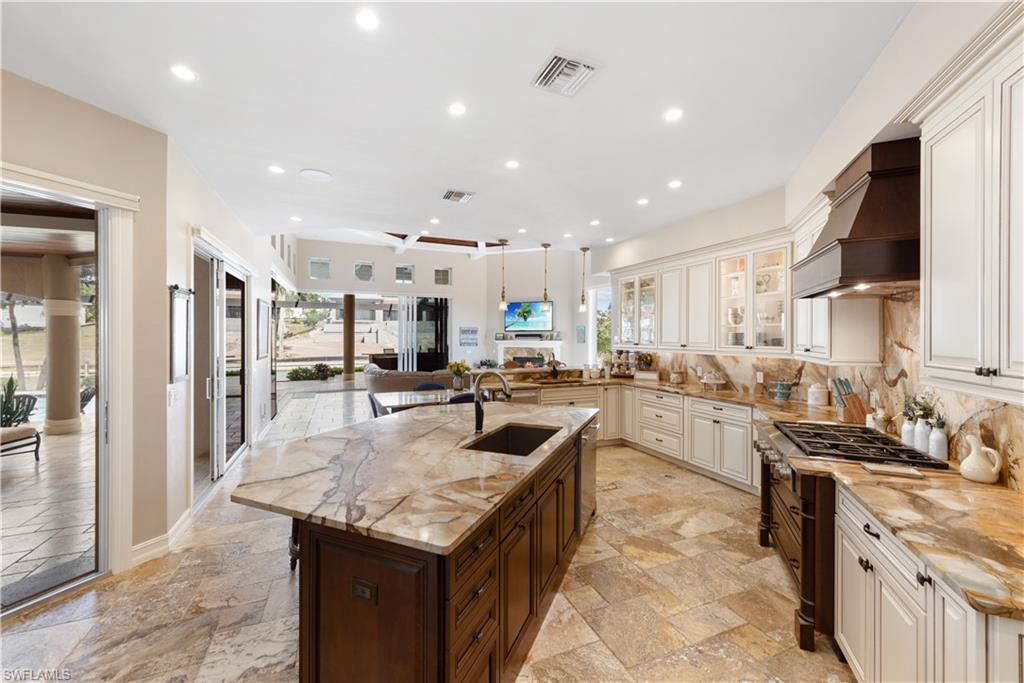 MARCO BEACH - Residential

...

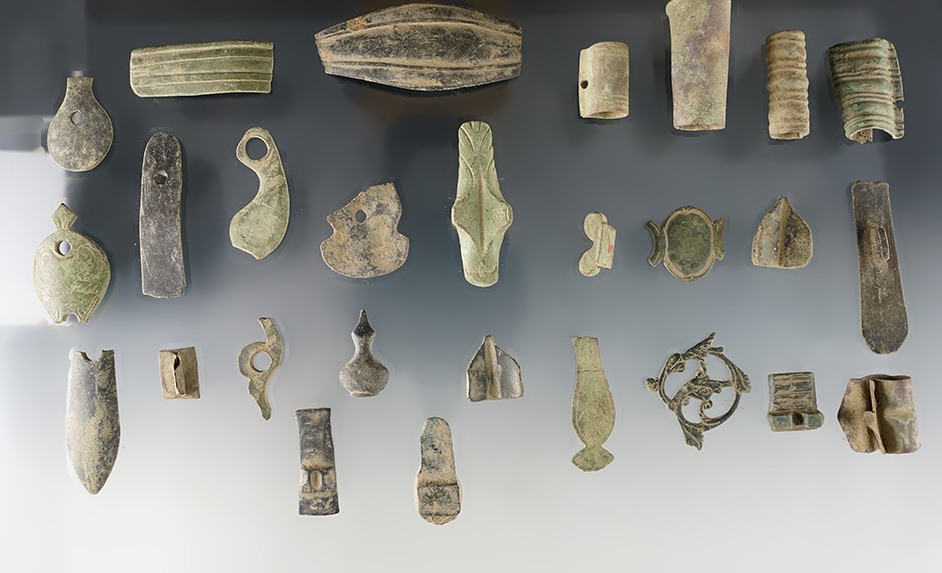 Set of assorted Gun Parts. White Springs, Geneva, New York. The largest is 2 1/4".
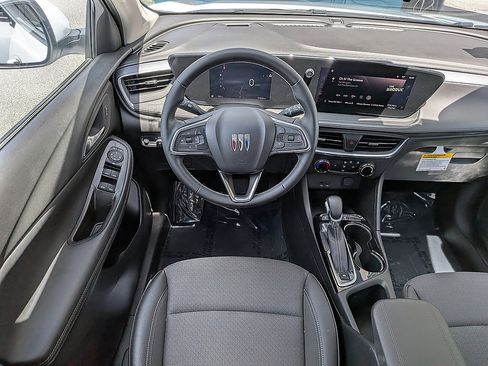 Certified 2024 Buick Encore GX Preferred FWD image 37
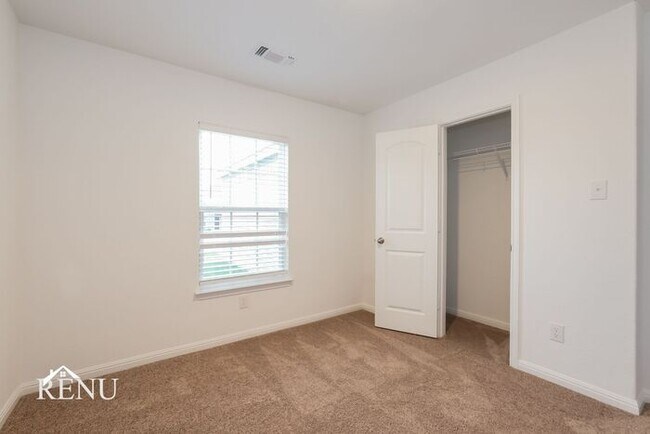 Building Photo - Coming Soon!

* * *

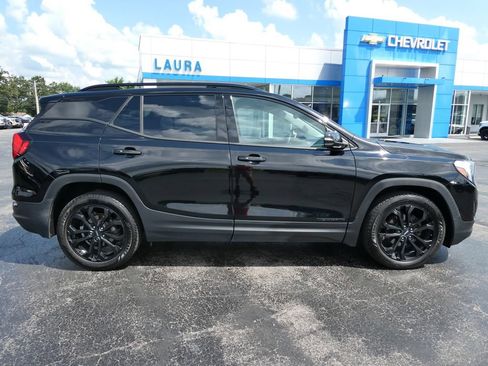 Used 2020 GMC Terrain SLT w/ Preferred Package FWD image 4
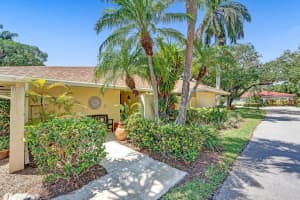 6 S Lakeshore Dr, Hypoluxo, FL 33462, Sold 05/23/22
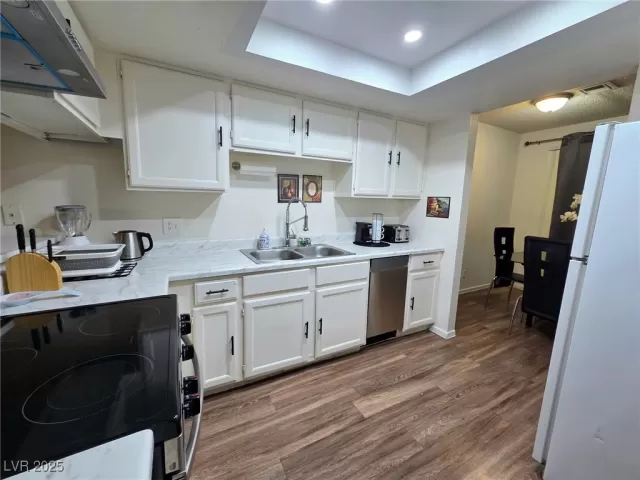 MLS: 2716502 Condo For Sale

## [Exercise]
An exact copy is needed. It runs from the line above containing "Certified 2024 Buick" down to the line containing "Building Photo - Coming Soon!", both included, with no pictures.

## [Response area]
 Certified 2024 Buick Encore GX Preferred FWD image 37
 Building Photo - Coming Soon!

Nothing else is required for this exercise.